Endurance training alters antioxidant enzyme gene expression in rat skeletal muscle.

The effects of endurance training on gene expression of superoxide dismutase (SOD) and glutathione peroxidase (GPX) were investigated in type 2a and 2b skeletal muscles, as well as heart and liver, in the rat. Female Sprague-Dawley rats (4 months old, 300-320 g) were randomly divided into a trained (T, n = 11) and a control (C, n = 10) group and were pair fed a diet consisting of 66% cornstarch and 34% basal diet that contained all essential nutrients. Training was conducted on a treadmill at 25 m x min(-1), 10% grade for 2 h per day, 5 days per week for 10 weeks, resulting in a 79% (p < 0.01) increase in citrate synthase activity in the deep portion of vastus lateralis muscle (DVL, type 2a). Cu-Zn SOD activity was 35% higher (p < 0.01) in DVL of T versus C rats, and Cu-Zn SOD mRNA abundance showed a 125% increase with training (p < 0.05).

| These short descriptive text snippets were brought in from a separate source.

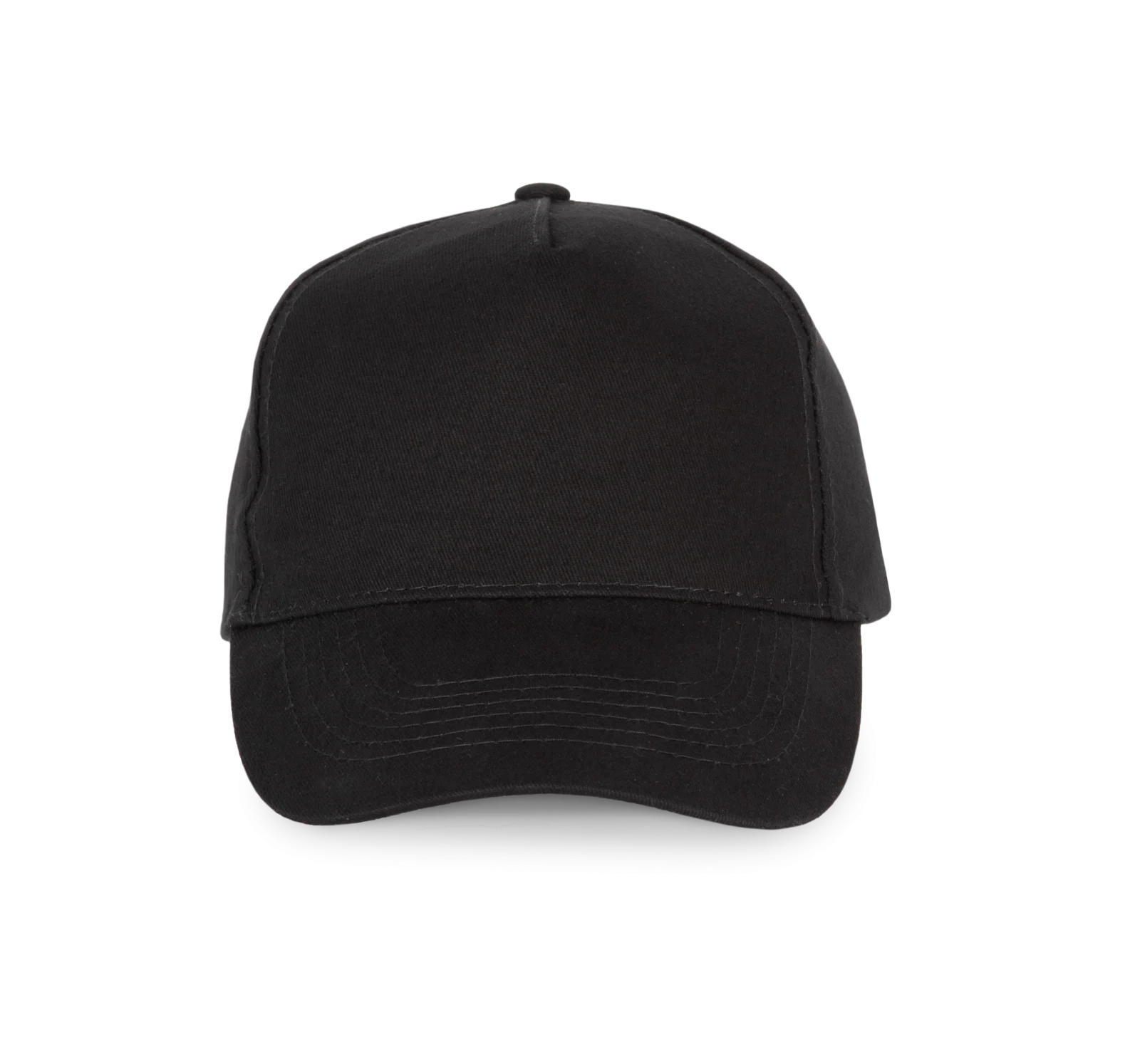Action II - Casquette 5 panneaux KP051 — Black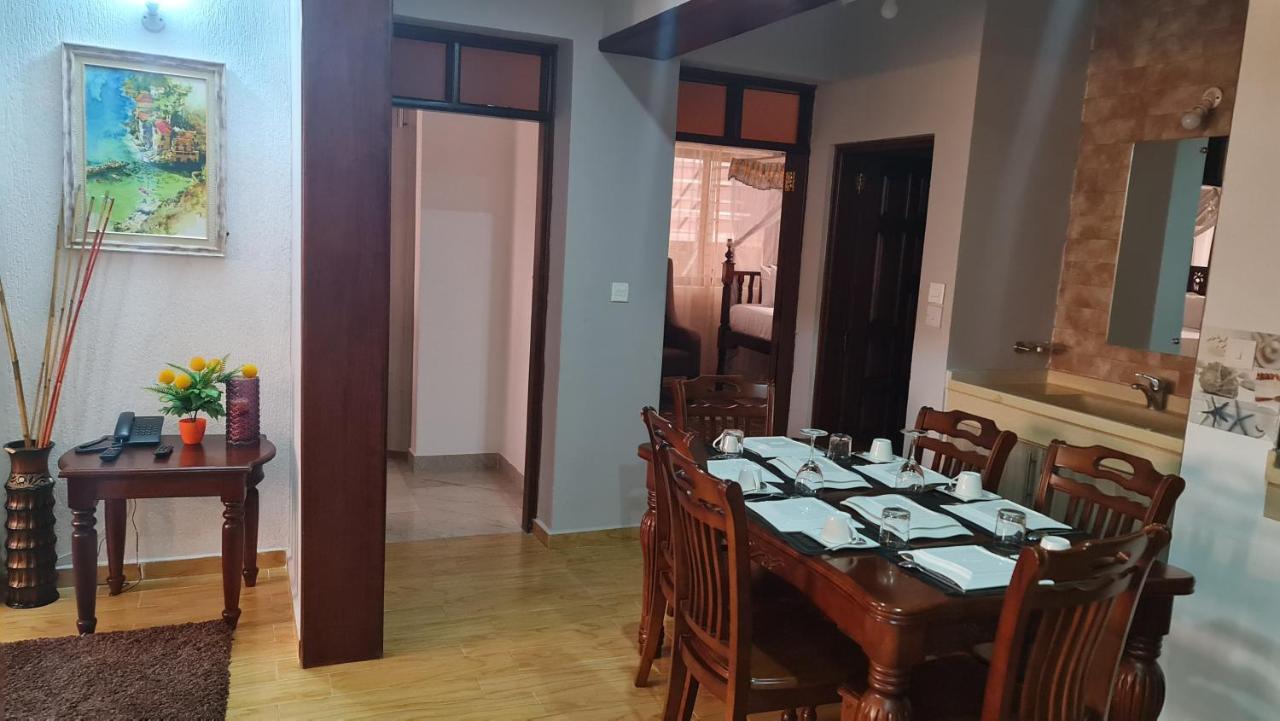 The Festival Fully Furnished Apartments Mombasa Eksteriør billede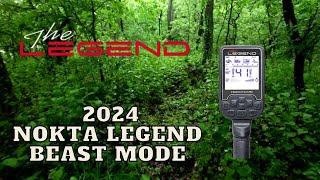 NOKTA LEGEND 2024 DT & BEAST MODE DEMO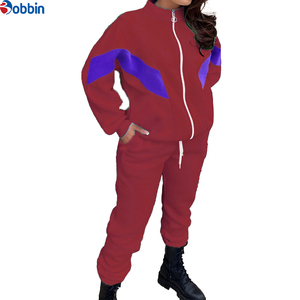 Chándal Deportivo de Invierno Reversible 2 en 1 para Mujer, Personalizado, de Poliéster/Algodón Ecológico, Estilo Hip Hop, Superventas - Product Image 4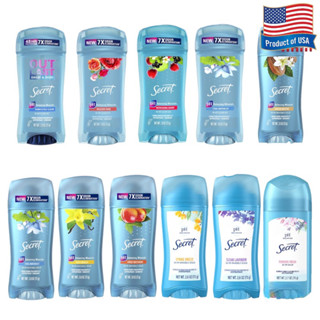 Secret Clear Gel/Solid Deodorant  . ระงับกลิ่นกาย นำเข้า USA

Cu-Zn SOD protein content was not altered in DVL, but increased significantly (p < 0.05) in the superficial portion of vastus lateralis (type 2b) with training. Trained rats showed a 66% higher (p < 0.05) Mn SOD protein content in DVL, but Mn SOD activity and mRNA abundance were not affected. Training also significantly increased GPX activity by 62% (p < 0.05), without changing its mRNA abundance, in the DVL. Heart and liver showed a 112 and 58% increase (p < 0.01) in Cu-Zn SOD mRNA abundance with training, respectively, but no other training adaptation was detected. These data indicate that endurance training can promote gene expression of muscle antioxidant enzymes in a fiber-specific manner. Training appears to upregulate Cu-Zn SOD mRNA abundance in a number of aerobic tissues, whereas Mn SOD and GPX induction observed in DVL may occur at the post-transcriptional levels.